Answer:
The correct answer is 8.786 g CaCO₃
Step-by-step explanation:
The balanced reaction is the following:
CaCl₂(ac) + K₂CO₃(ac) → CaCO₃(s) + 2 KCl(ac)
From the stoichiometry, 1 mol of CaCl₂ (111 g) reacts with 1 mol of K₂CO₃ (138 g) to form 1 mol CaCO₃(100 g) and 2 moles of KCl (149 g).
The stoichiometric ratio CaCl₂/K₂CO₃ is: 111 g/138 g= 0.80 g CaCl₂/K₂CO₃.
We have 14.584 g CaCl₂ and 12.125 g K₂CO₃, which gives a ratio of: 14.584g/12.125 g= 1.2 g CaCl₂/K₂CO₃.
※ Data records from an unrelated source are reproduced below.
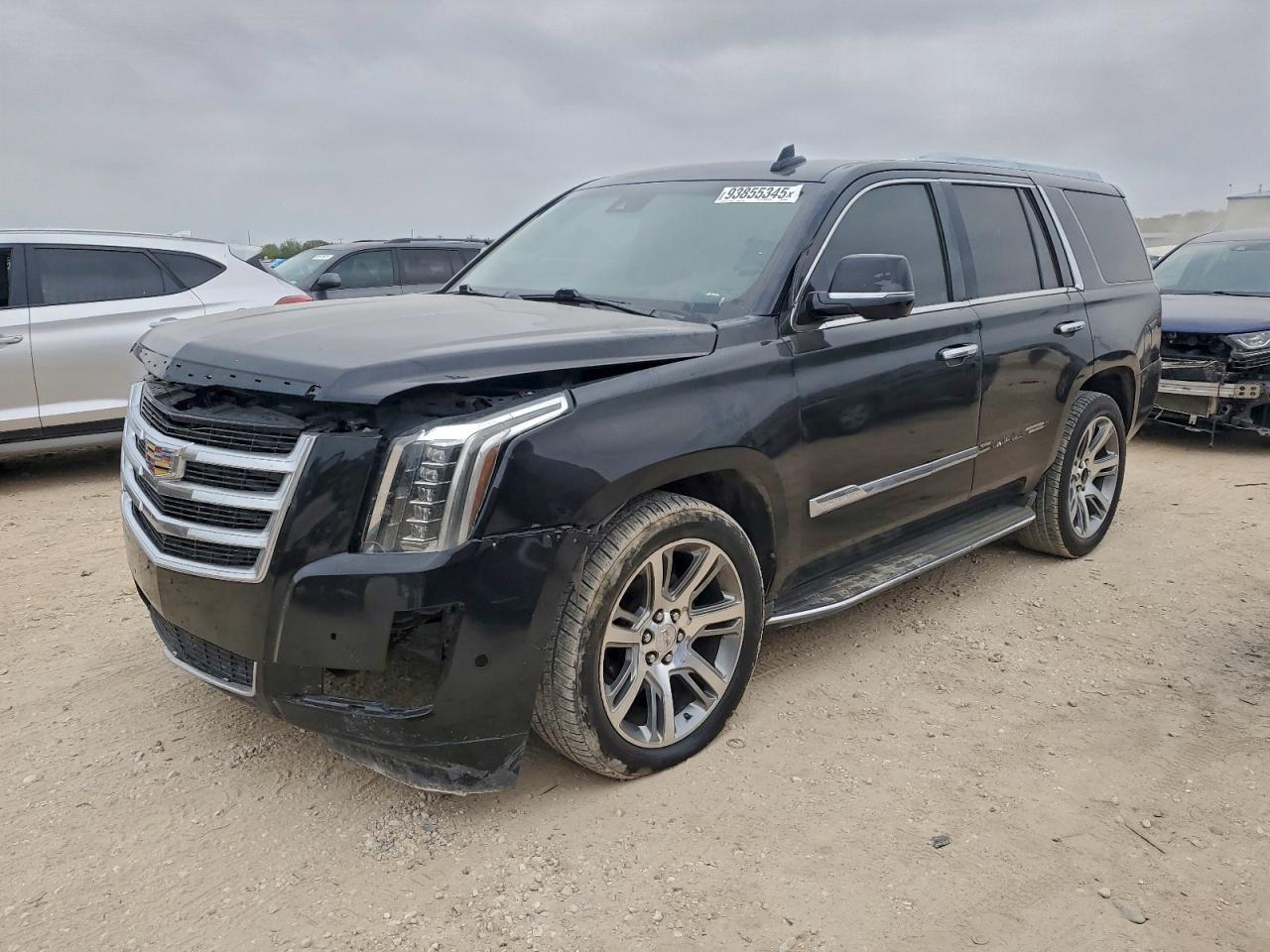 CADILLAC ESCALADE LUXURY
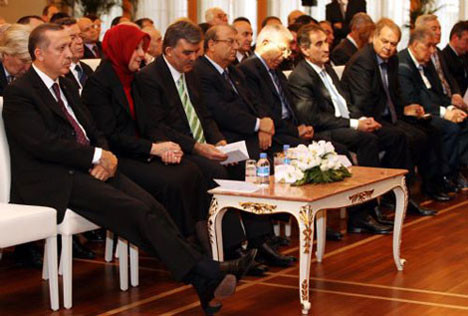 Başbakan Erdoğan uyuyakaldı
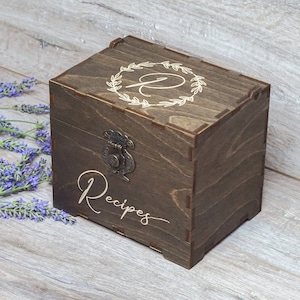 Recipe box with dividers & 4x6 recipe cards Personalized engraved wood box Bridal shower decor Mothers day gift Christmas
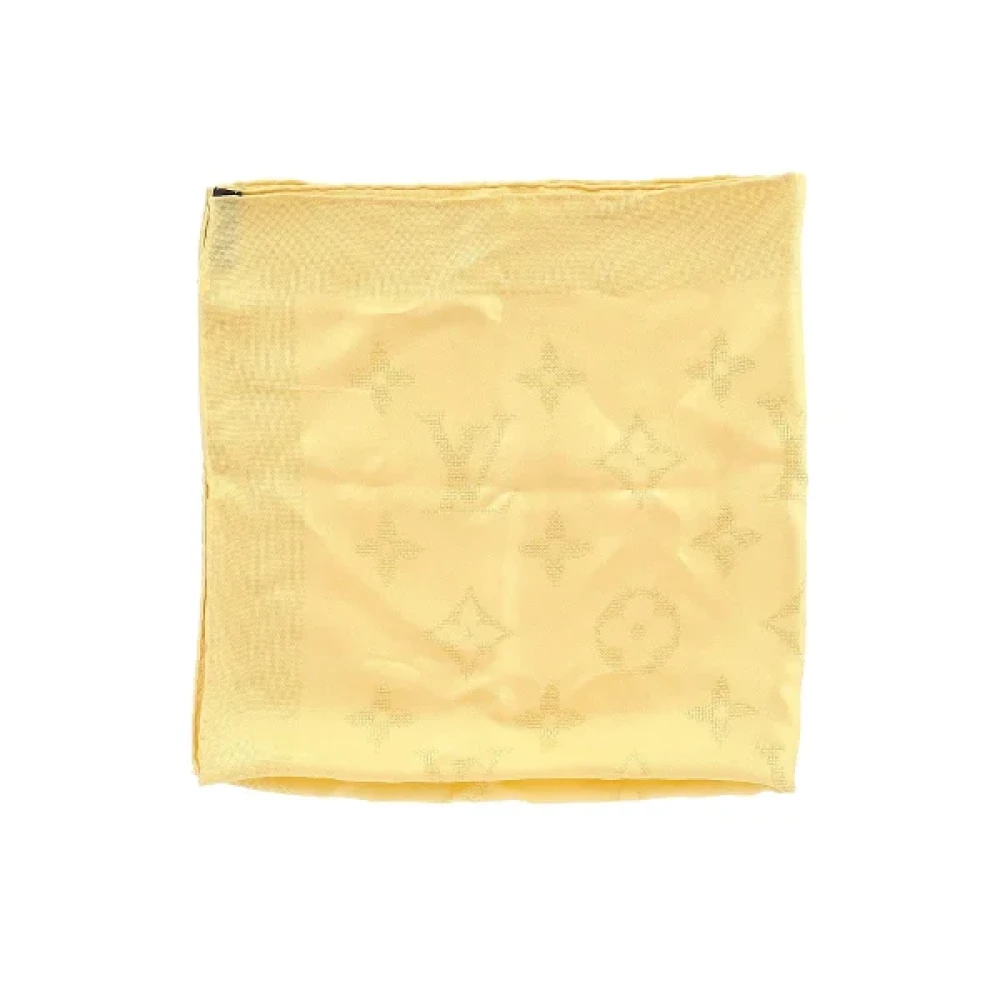 Louis Vuitton Vintage Pre-owned Silk scarves Yellow Dames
0.8 ∠ 1.2 ⇒ K₂CO₃ is the limiting reactant
We use the limiting reactant to calculate the grams of CaCO₃ produced. For this, we know that from 138 g K₂CO₃ 100 g of CaCO₃ are produced. So, we multiply the amount of K₂CO₃ by this stoichiometric ratio to obtain the grams of CaCO₃ produced:
12.125 g K₂CO₃ x 100 g CaCO₃/138 g K₂CO₃= 8.786 g CaCO₃
Therefore, the theoretical yield of CaCO₃ is 8.786 g.